#### EXERCISE BRIEF
Omitting every picture, copy the lines from the one that contains "flipkart.com murli kurti" through the last line of the records below, exactly and with nothing added.

□ □ □ □ □

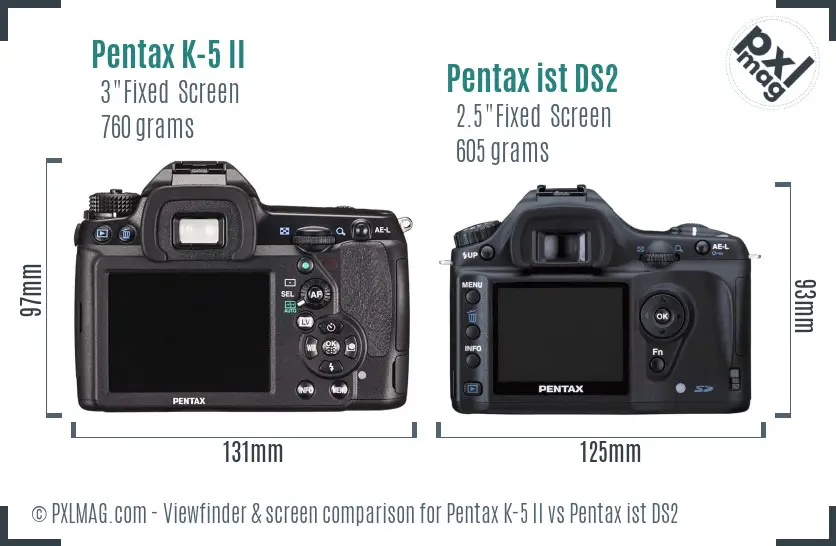 Pentax K-5 II vs Pentax ist DS2 Screen and Viewfinder comparison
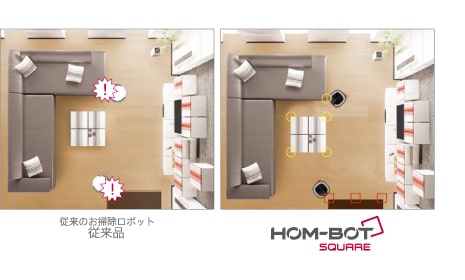 お掃除ロボットLG HOME-BOTスクエア VR6260LVM m71750812191_1.jpg?1717371739
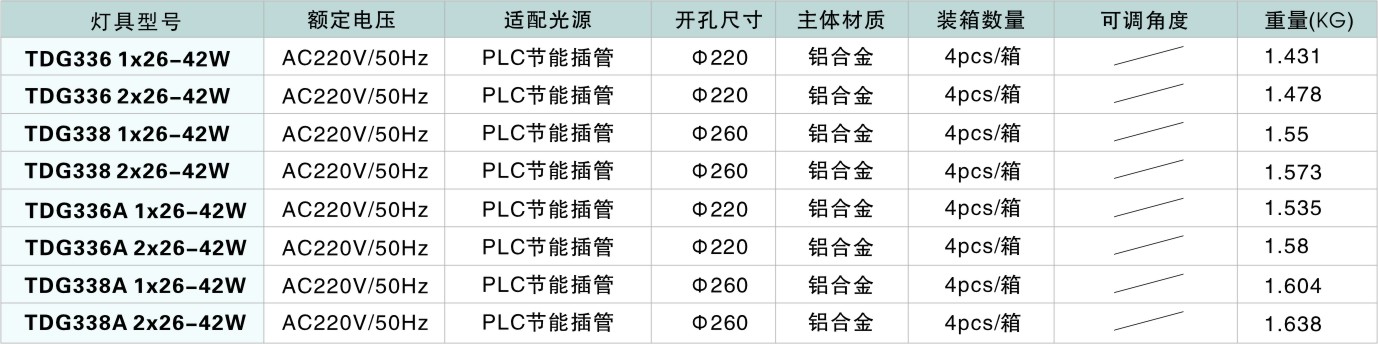 室内高空筒射灯TDG33系列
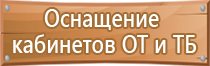 плакаты по пожарной безопасности в учреждении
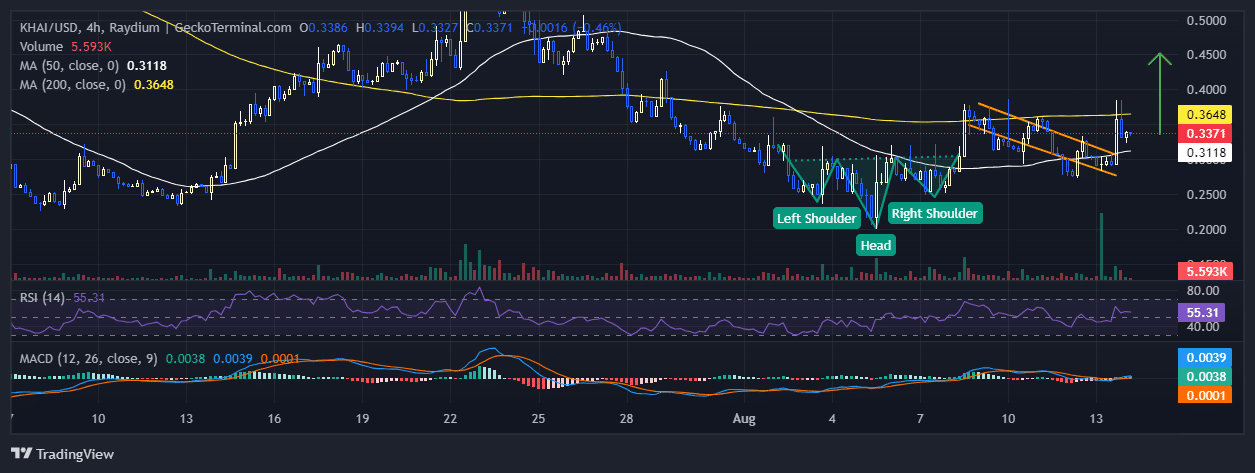 Kitten Haimer Price Chart Analysis Source: GeckoTerminal.com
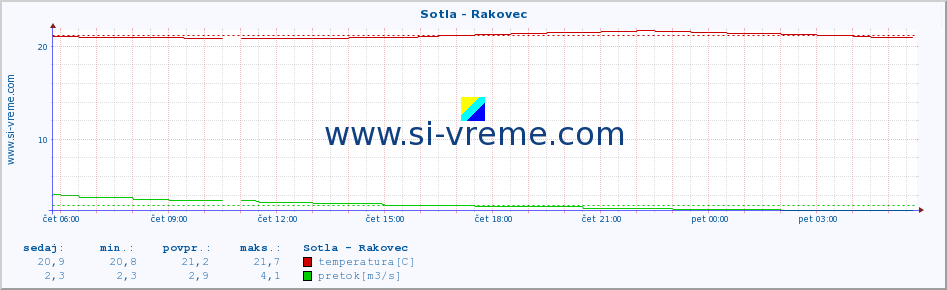 POVPREČJE :: Sotla - Rakovec :: temperatura | pretok | višina :: zadnji dan / 5 minut.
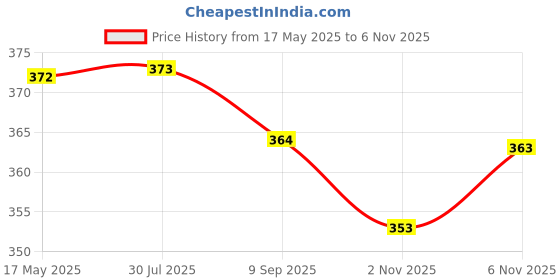 flipkart.com murli kurti Printed Pure Cotton Stitched Flared/A-line Gown murli kurti Price History Graph from 17 May 2025 to 6 Nov 2025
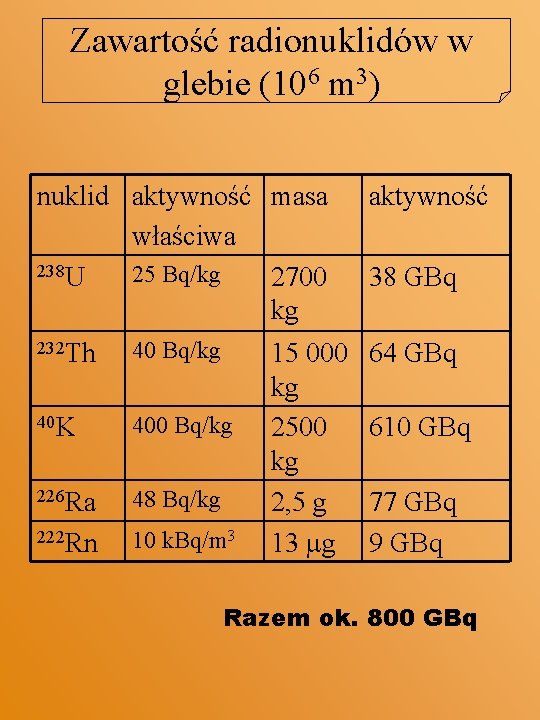 Zawartość radionuklidów w glebie (106 m 3) nuklid aktywność masa właściwa 238 U 25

□ □ □ □ □

#### SOLUTION TO THIS PROBLEM
 flipkart.com murli kurti Printed Pure Cotton Stitched Flared/A-line Gown murli kurti Price History Graph from 17 May 2025 to 6 Nov 2025
 Zawartość radionuklidów w glebie (106 m 3) nuklid aktywność masa właściwa 238 U 25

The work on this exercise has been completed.